Are the Alfine silver hubs anodised or polished alloy finish? I haven't seen a silver Alfine in person.

thanks
"better people thru bikes"https://forums.mtbr.com/images/icons/icon14.gif


----------



## pursuiter (May 28, 2008)

klunker2 said:


> ...I want that 'retro-raleigh' look so I want all components silver....


 I'm loving the same look. All this black ano wears me out and it looks like crap after it gets abraided. The Alfine is polished (looks like it). I bought my silver Alfine here (in 36H no less): http://harriscyclery.net/itemdetails.cfm?ID=2670

It appears Harris only has black (in both 32H and 36H) right now also. AFAIK, Canada and the US have the same Shimano factory warehouse, we get the exact same product line up.
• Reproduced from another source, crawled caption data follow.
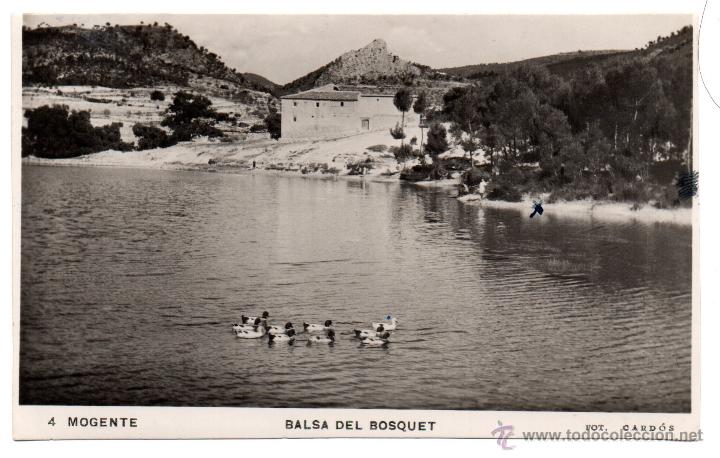 Postkarten: MOGENTE .- BALSA DEL BOSQUET N&ordm; 4 .- FOTO CARD&Oacute;S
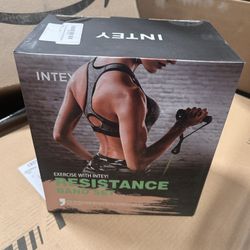 Intey 13-Pcs Portable Resistance Bands with Door Anchor, Handles, and Ankle Straps  Home Workout Set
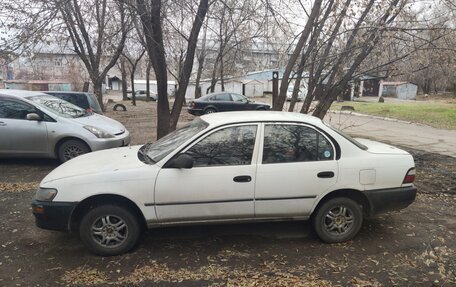 Toyota Corolla, 1994 год, 180 000 рублей, 2 фотография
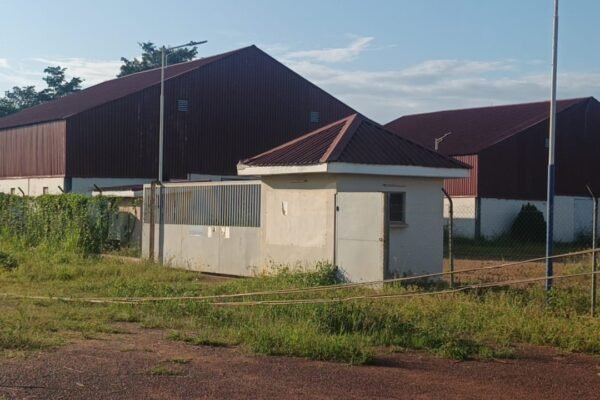 GH¢7.2m Rice Mill At Nkrankwanta Sits Idle As Paddy Supply Dries Up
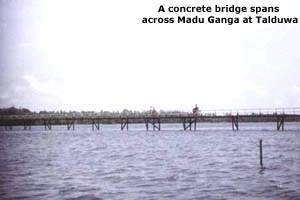 A concrete bridge spans across Madu Ganga at Talduwa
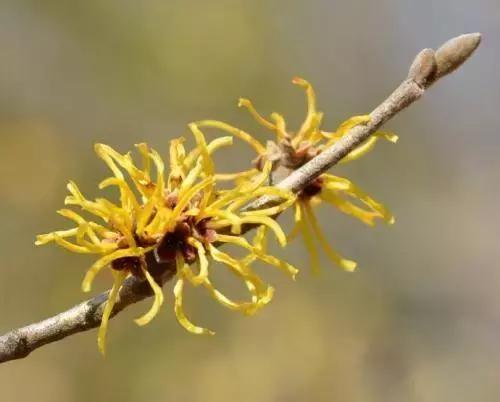 化妆水消炎镇定,用蒸馏水喷皮肤有用吗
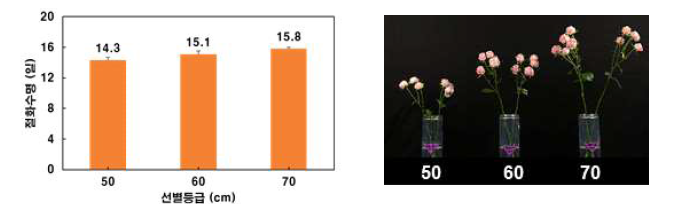 절화 장미 ‘자나’ 품종의 선별등급별 절화수명 및 외관 품질
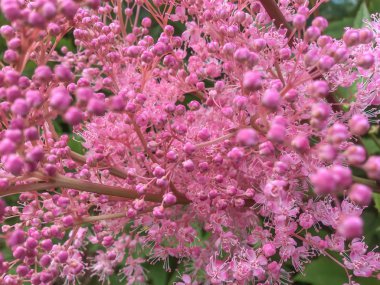 küçük pembe süet ve tomurcukları bir demet ile şube, yakın, çiçek arka plan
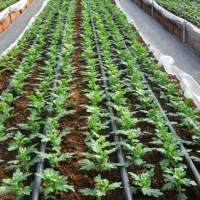 لوله قطره ای|خدمات پیشه و مهارت|بهبهان, |دیوار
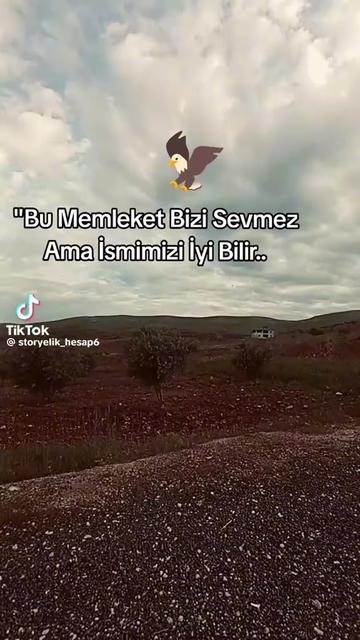 @👑🎲🥃Asi_Gonyalı.42🥃🎲👑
Looks like the silver is out for now. These type of products get done in batches, the silver batch will be here soon enough. I'd wait, everything was sold out worldwide due to the mini bike boom of '08 (thanks to $150 a barrel oil), most products will be back over the winter.

Hey, Klunker, you know you're a silver freak when you start using "Easy-Off Oven Cleaner" to de-ano black parts. Only way I could find a silver stem for less than $20. Oh, yea, and I zip-stripped my frame and fork raw (I need some silver fenders):


----------



## klunker2 (Oct 21, 2008)

*Sweet Silver Ride*

Pursuiter, LOVE the Silver theme!
klunker2


----------



## itsdoable (Jan 6, 2004)

Boomer Cycles in Oakville (http://boomerbicycle.ca) has 2 silver Alfine hubs in stock. (I was there on the weekend)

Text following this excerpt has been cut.